[Your goal]: Without any of its pictures, the listing below should be output exactly.

[The data]:
:::::

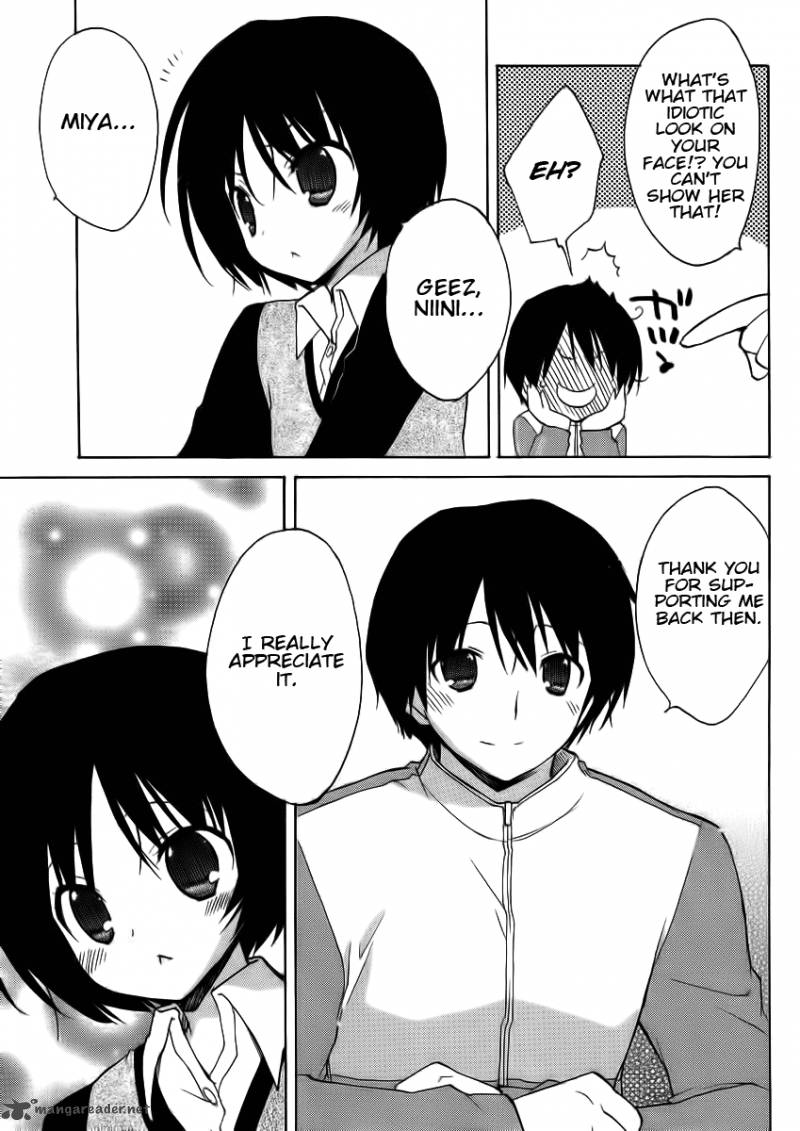 Amagami Dreamy Forever 1 7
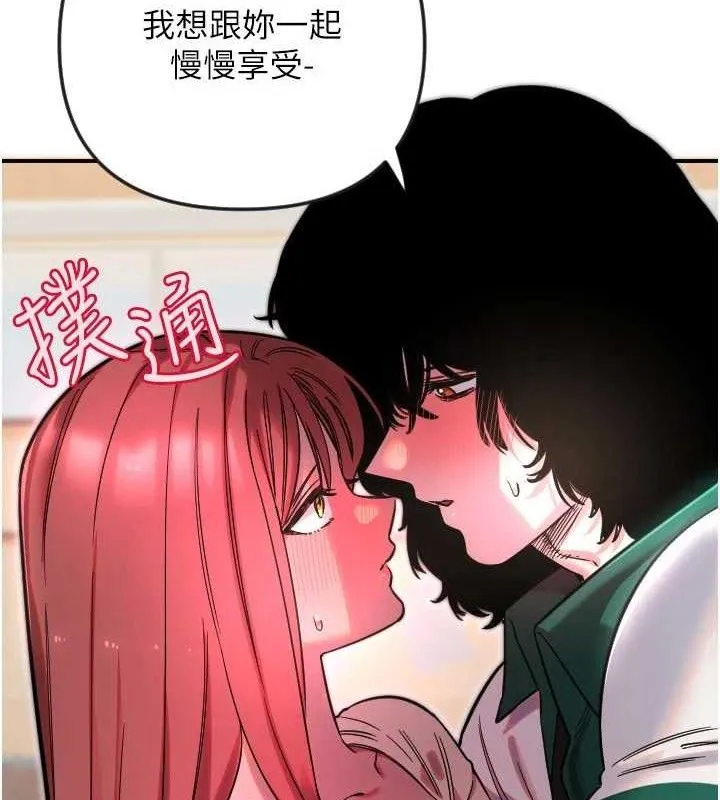 守护天使-第47話-令人想侵犯的性感尤物 - 图片 18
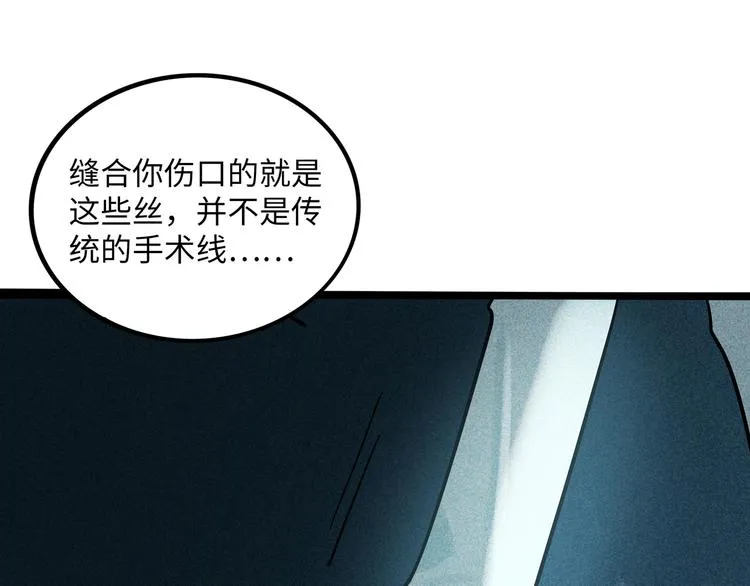 兽人医院37 第13页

:::::

[Response to this exercise]:
 Amagami Dreamy Forever 1 7
 守护天使-第47話-令人想侵犯的性感尤物 - 图片 18
 兽人医院37 第13页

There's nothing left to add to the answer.